Regrouped Dance Theatre of Harlem to focus on education

By Susan Reiter
L.A. Times

The organization's financial picture improved after a hiatus, but not enough to put its company back on tour.

Until a few years ago, whenever Dance Theatre of Harlem was on a tour of U.S. cities, it routinely held auditions for its school's summer program or to spot potential apprentice dancers. But that was before September 2004, when financial realities forced the umbrella organization to put the professional troupe on hiatus.

At the time, DTH founder and artistic director Arthur Mitchell says, he expected an interruption of a year at most. But although the sizable deficit and the grim overall financial situation that threatened the organization in 2004 have diminished substantially, no one will be seeing the professional company in the near future.
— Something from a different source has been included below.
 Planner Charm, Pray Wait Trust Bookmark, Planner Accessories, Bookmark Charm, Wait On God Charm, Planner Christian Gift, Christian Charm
Instead, DTH is conducting a 10-city audition tour devoted solely to the intensive student summer program at its spacious Harlem headquarters, which continues to hum with activity. The Los Angeles tryouts will be held Sunday at the Lula Washington Dance Theatre.

"We made up our minds that we wanted to fill that gap that existed because the company was no longer on tour," the indefatigable and eternally youthful Mitchell, who will turn 74 this month, said the other day. Just outside the conference room where he sat hung posters from DTH's foreign tours -- souvenirs of engagements in Monte Carlo, Verona, Germany, Barcelona.